> Activity
Only one span of the listing below is wanted: the lines from the one with "Легкий салат с морковкой и мясом" through the one with "Универсал Skoda Superb 2019 в", reproduced exactly, both ends kept.

> Material provided

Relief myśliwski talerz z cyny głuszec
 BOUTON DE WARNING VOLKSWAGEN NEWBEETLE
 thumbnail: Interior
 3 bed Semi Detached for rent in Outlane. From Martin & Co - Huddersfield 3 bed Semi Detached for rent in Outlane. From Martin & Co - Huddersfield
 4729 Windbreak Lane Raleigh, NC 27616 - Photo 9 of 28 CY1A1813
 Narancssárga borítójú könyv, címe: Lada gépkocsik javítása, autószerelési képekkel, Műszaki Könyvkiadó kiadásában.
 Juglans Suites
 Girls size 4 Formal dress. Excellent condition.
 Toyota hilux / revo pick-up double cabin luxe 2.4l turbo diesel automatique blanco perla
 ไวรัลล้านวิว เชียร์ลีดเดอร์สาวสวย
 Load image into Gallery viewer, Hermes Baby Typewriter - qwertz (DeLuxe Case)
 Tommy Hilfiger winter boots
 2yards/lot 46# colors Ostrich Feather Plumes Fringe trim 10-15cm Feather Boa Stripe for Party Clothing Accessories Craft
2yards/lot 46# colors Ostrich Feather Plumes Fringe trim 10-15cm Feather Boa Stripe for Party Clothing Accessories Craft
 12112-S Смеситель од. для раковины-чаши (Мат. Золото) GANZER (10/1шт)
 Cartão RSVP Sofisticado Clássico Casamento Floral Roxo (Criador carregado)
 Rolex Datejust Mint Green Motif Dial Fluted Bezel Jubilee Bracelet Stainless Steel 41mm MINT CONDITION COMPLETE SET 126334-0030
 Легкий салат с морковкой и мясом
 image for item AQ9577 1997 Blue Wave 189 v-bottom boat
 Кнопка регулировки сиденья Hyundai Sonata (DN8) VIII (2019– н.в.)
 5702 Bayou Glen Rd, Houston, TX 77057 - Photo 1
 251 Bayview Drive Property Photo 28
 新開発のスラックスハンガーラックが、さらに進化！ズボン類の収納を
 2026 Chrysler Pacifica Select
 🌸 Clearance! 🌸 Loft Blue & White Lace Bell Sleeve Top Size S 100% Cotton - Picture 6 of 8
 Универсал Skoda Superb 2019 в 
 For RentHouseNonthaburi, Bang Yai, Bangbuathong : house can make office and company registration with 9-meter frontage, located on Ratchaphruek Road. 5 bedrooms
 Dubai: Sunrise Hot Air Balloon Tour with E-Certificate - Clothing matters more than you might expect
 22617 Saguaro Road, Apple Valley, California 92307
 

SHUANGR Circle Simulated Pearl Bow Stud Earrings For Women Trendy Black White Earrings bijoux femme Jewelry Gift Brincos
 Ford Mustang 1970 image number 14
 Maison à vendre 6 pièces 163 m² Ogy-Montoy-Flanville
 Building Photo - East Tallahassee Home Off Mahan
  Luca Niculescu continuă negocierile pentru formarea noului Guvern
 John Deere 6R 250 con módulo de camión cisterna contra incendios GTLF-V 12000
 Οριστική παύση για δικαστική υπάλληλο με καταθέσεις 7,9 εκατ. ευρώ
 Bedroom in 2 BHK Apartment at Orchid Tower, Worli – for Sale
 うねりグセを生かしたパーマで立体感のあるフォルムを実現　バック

> Your solution
 Легкий салат с морковкой и мясом
 image for item AQ9577 1997 Blue Wave 189 v-bottom boat
 Кнопка регулировки сиденья Hyundai Sonata (DN8) VIII (2019– н.в.)
 5702 Bayou Glen Rd, Houston, TX 77057 - Photo 1
 251 Bayview Drive Property Photo 28
 新開発のスラックスハンガーラックが、さらに進化！ズボン類の収納を
 2026 Chrysler Pacifica Select
 🌸 Clearance! 🌸 Loft Blue & White Lace Bell Sleeve Top Size S 100% Cotton - Picture 6 of 8
 Универсал Skoda Superb 2019 в 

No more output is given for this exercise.